Além das manchetes

“O mês de Ramadã foi o mês em que foi revelado o Alcorão (…). Por conseguinte, quem de vós presenciar o novilúnio desse mês, deverá jejuar (…). Deus vos deseja a comodidade e não a dificuldade, mas cumpri o número de dias e glorificai a Deus por ter-vos orientado, a fim de que Lhe agradeçais.” Al?Quran Al?Karim, 2:183-185.

A comunidade islâmica mundial, constituída por aproximadamente 1,5 bilhão de almas, viveu nos últimos 30 dias um período muito especial. Chega ao fim o mês de Ramadã, o nono do calendário islâmico, que este ano coincide com os meses de novembro e dezembro no calendário cristão. Durante 30 dias, os muçulmanos jejuaram do alvorecer ao pôr-do-sol, procuraram evitar palavras ofensivas, o embate físico e os pensamentos ilícitos, exercitaram a meditação e as orações, encontraram-se com mais freqüência nas mesquitas para rezar coletivamente. A rotina diária das famílias mudou, pois a falta do alimento durante as horas claras do dia claro exigiu uma readequação de atividades.

Chegamos ao final do mês de Ar?Ramadã Al?Karim, que em árabe significa “O Ramadã Generoso”. Dizemos que este mês sagrado é generoso porque muitas são as lições que nos são ensinadas durante esse período. O líder espiritual da comunidade islâmica curitibana, sheikh Muhammad Khalil, qualifica-o de al?mustashfa ar?ruh, ou seja, “o hospital do espírito”.

Muitos são os ensinamentos aprendidos e as curas alcançadas neste mês. A começar pela valorização do alimento, uma dádiva de Deus Altíssimo, à qual nem sempre damos a devida importância. Acostumados com a mesa farta, com as facilidades e a variedade que nos é oferecida, esquecemo-nos que o alimento nos é dado com a permissão e o consentimento d?Aquele que é o criador de todas as coisas.

Mais do que isso, esquecemo-nos, na ânsia de nos saciar, daqueles que têm na fome sua companheira diária. Esquecemo-nos daqueles a quem esse direito sagrado, concedido pelo Clemente e Misericordioso, foi negado, negado pelo próprio homem que, debaixo de sua arrogância, soberba, ganância e ignorância, julga-se autoridade suficiente para revogar aquilo que Deus Altíssimo outorgou a toda a humanidade.

O jejum do Ramadã simboliza o primado do espírito sobre a matéria, estabelecendo uma distância enorme entre a humanidade e o restante da criação. Ele conduz novamente o ser humano à condição de a mais elevada das criaturas. Afinal, só a ele é dada a faculdade de negar conscientemente o alimento, mesmo quando o organismo clama. Essa experiência significa a derrota dos desejos e paixões animais pelo domínio pleno da vontade racional, divinamente inspirada.

Durante esse mês sagrado, os muçulmanos também aprendem a humildade. Ricos e pobres, poderosos e fracos, empresários e operários, governantes e governados, todos irmanam-se na fome e na sede, percebendo na necessidade comum do alimento e da água que todos somos iguais, que temos as mesmas fraquezas, deficiências e necessidades, mas que podemos, pela força de vontade e com o auxílio de Deus Altíssimo, vencê-las.

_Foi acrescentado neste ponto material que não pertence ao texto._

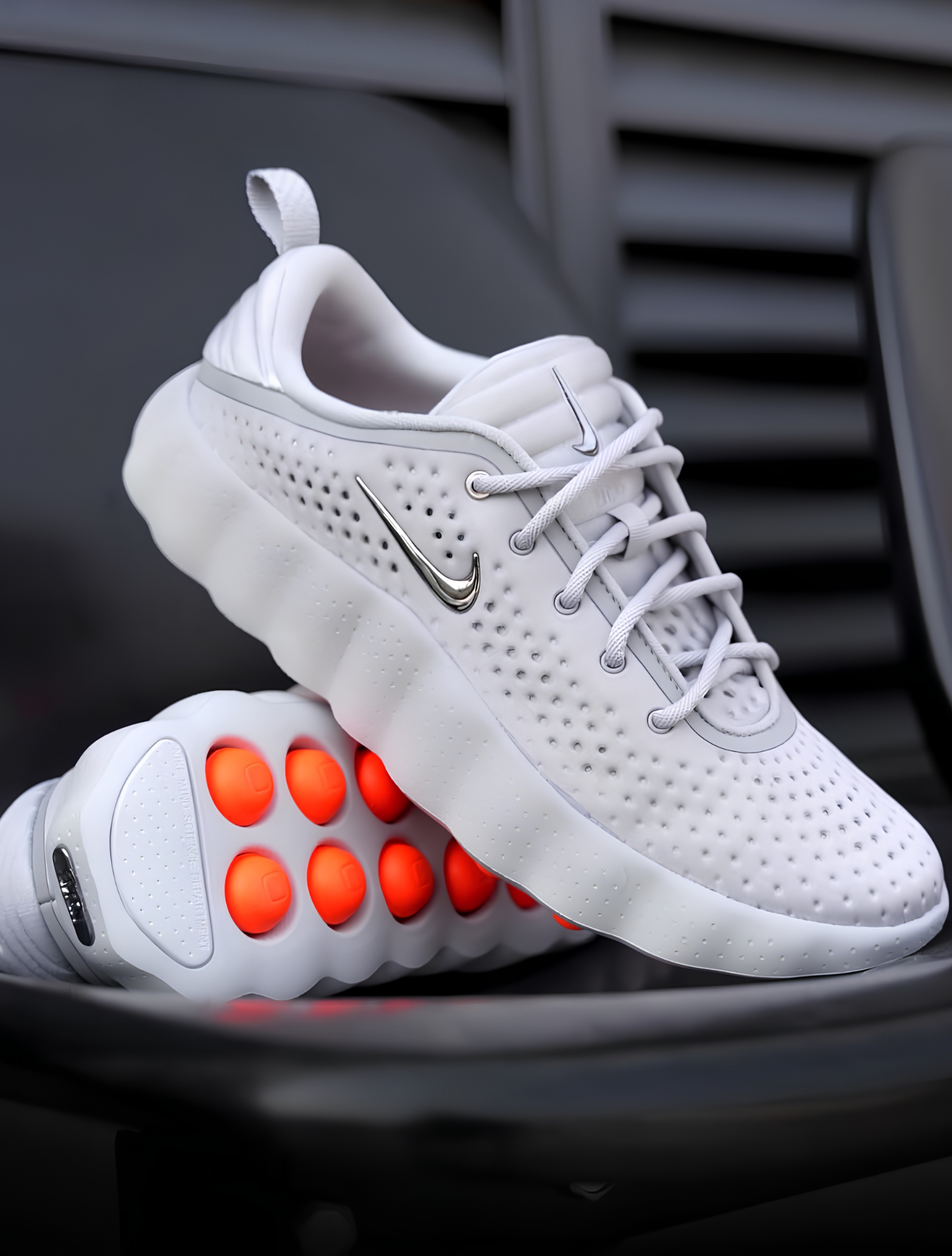 NIKE MIND 002 LIGHT SMOKE GREY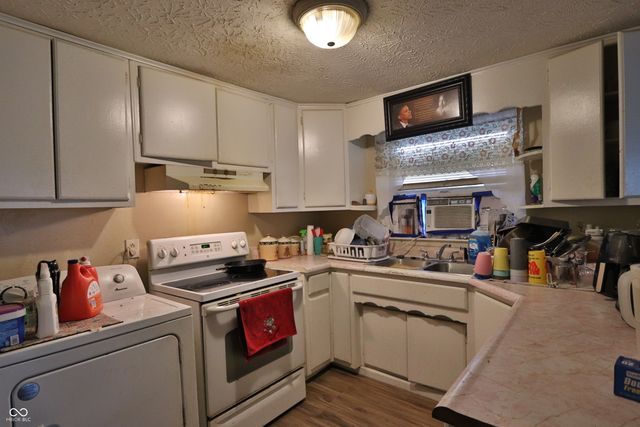 840 S Pershing Avenue, Indianapolis, IN 46221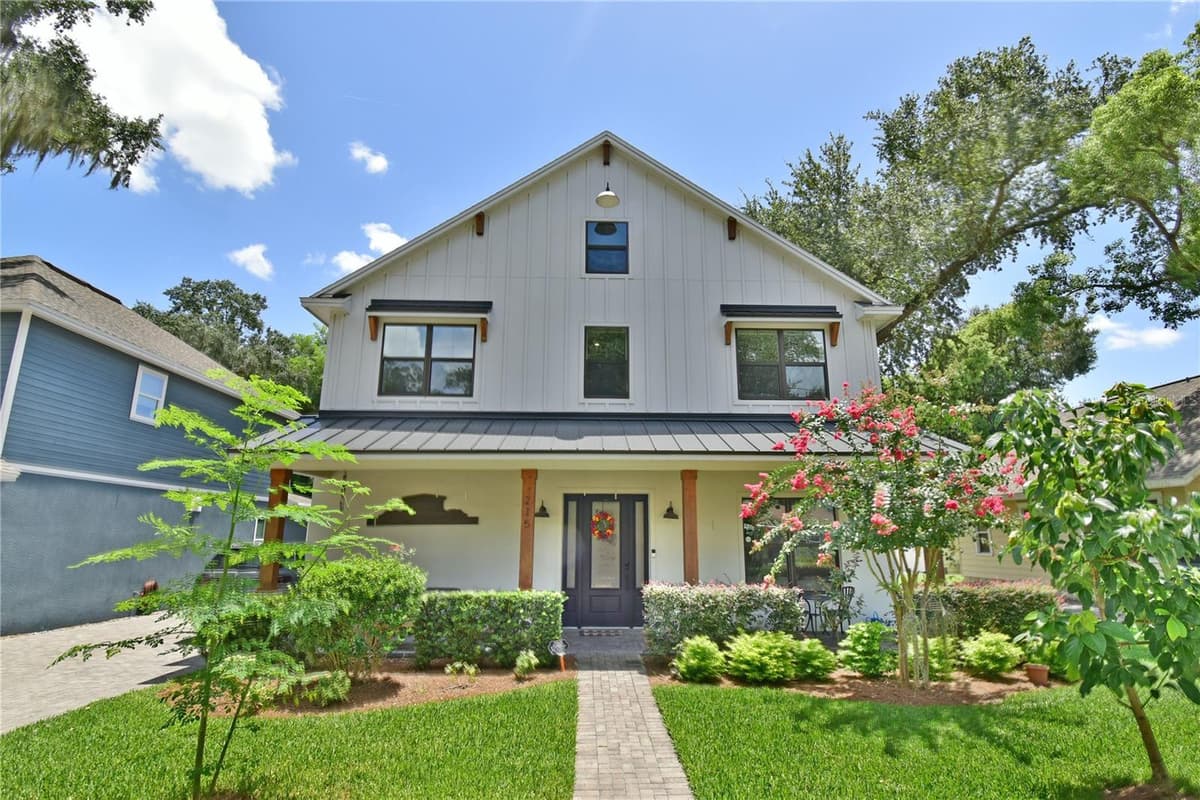215 HIGHLAND AVENUE — photo 1 of 52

O mês de o Ramadã Al?Karim nos ensina que desperdiçamos. Conduz-nos, portanto, à atenção ao dispêndio. Mostra-nos que o comedimento no alimentar-se e no beber não prejudica nosso desempenho intelectual e físico. Faz-nos perceber, do contrário, que se ingerirmos menos alimento, beneficiamos o organismo, evitando o sobre peso e todos os problemas de saúde daí originados. Além disso, ao evitar o desperdício, prestamos um tributo àqueles que não têm o que comer.

E, mais importante, o mês de Ramadã nos aproxima de Deus. Nossos pensamentos e ações voltam-se a Ele que, do alto de sua infinita bondade, clemência e misericórdia, prescreveu aos seres humanos o cumprimento desse dever. Elevamos nossos pensamentos e ações Àquele que é a origem e o retorno de toda a criação. Que observa nossos atos e conhece o que vai pela nossa mente. Que premia os justos e pune severamente os iníquos.

Entendemos que esses ensinamentos não devem ficar restritos. É desejo da comunidade islâmica mundial compartilhar essas experiências maravilhosas com toda a humanidade. Temos a lamentar, somente, que num momento tão sublime, o ocidente tenha olhos e ouvidos apenas para mensagens negativas, acusações indevidas e imprecações contra o Islã. Nesse ponto, o Ramadã nos reserva outra importante lição: a de que o Islã vai muito além das manchetes.

Omar Nasser Filho

é jornalista e membro da Sociedade Beneficente Muçulmana do Paraná.